Tal dinâmica se dá principalmente entre Eric, o tecladista Chris Stainton e o organista Tim Carmon, às vezes incluindo Doyle Bramhall II, a quem Clapton delega alguns solos de guitarra e deixa responsável por vernizes como slides, Ebows e dissonâncias em geral. Dado o histórico do cara como líder do Arc Angels e dono de uma carreira solo mais que digna, pode-se dizer que o canhoto talvez seja o instrumentista menos bem-aproveitado do septeto, que inclui ainda o baixista Nathan East, o baterista Sonny Emory e as backing vocals Katie Kissoon e Sharon White.
Formato
A estrutura do show — duas partes elétricas separadas por uma acústica — visa à celebração de fases distintas de Clapton. Há esperada ênfase no formato desplugado, visto que foi “Unplugged” o álbum que o trouxe de volta à lista dos mais vendidos em 1992.
Apesar dos incessantes pedidos, “Layla”, talvez o carro-chefe do disco, ficou de fora. Coube a “Running on Faith”, “Nobody Knows When You’re Down and Out” e “Tears in Heaven” (durante a qual “deus” provou que também erra ao esquecer-se da ponte que antecede ao solo) a representação deste que é um dos ao vivos mais comercialmente bem-sucedidos de todos os tempos.

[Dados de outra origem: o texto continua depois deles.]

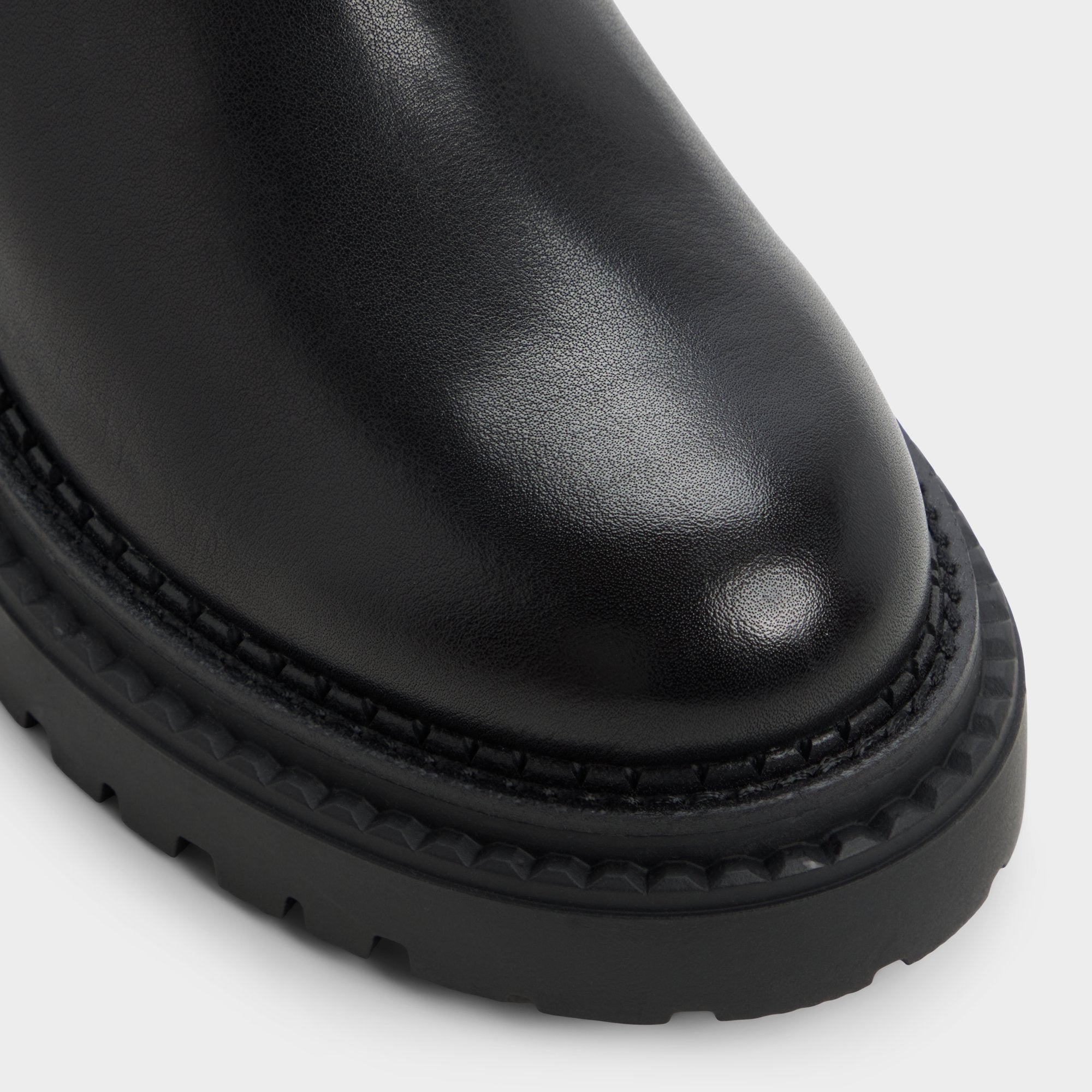Bestina in Black - Chelsea boot, Lug sole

Nas palminhas, os milhares de presentes na arena mostraram conhecer “Change the World”; se pelo recente comercial de TV ou pela trilha sonora do filme “Fenômeno” (1996), não se sabe.
Distinções
Uma diferença crucial desta parte em relação à apresentação realizada dois dias antes em Curitiba (veja aqui como foi) é a ausência de “The Call”, música que estará no vindouro álbum “Meanwhile”.
Por outro lado, os cariocas tiveram algo exclusivo para chamar de seu (pelo menos até as apresentações em São Paulo que encerram o giro por terras brasileiras): “Got to Get Better in a Little While”, do Derek and the Dominos, o supergrupo que Clapton montou na virada dos anos 1970, abrindo o segundo set elétrico da noite, e estendendo-se numa jam session equivalente a uma transmigração de corpos.
Felizmente, a essa hora, a técnica da casa já havia solucionado o problema de som baixo que malogrou o primeiro set elétrico a ponto de conversas paralelas sobre a eliminação do Flamengo da Libertadores atronarem o canto suave de “Badge” (Cream) e os versos de “Hoochie Coochie Man”, o standard assinado pela lenda Willie Dixon.
Sob o bruxuleio quase fantasmagórico da luz que o iluminava, Eric falou pouco. Foram três “obrigado” e só, sendo que o primeiro veio quase na metade do show. A voz dá suas vaciladas, por vezes lhe faltam o vigor e a agilidade de outrora nos dedos, mas o timbre resultante de guitarra e amplificador Fender está lá, bem como os licks que constam da cartilha básica do blues, que ele, sábia e oportunamente, surrupiou dos negros americanos em tempos pré-Yardbirds.
No bis, o pupilo Gary Clark Jr., que fez a abertura, é chamado de volta ao palco para uma canja na tradicional “Before You Accuse Me”, de Bo Diddley. Mas o que mais chama a atenção não é a presença deste que é um dos nomes de maior destaque do blues contemporâneo, e sim o instrumento empunhado por Clapton, que traz em sua pintura a bandeira da Palestina. Nem parece o cara que proferiu tantos absurdos em tempos pandêmicos. Pelo visto, “deus” erra, mas também aprende.
*A atual turnê de Eric Clapton pelo Brasil ainda passa por São Paulo (Vibra, 28/9, e Allianz Parque, 29/9).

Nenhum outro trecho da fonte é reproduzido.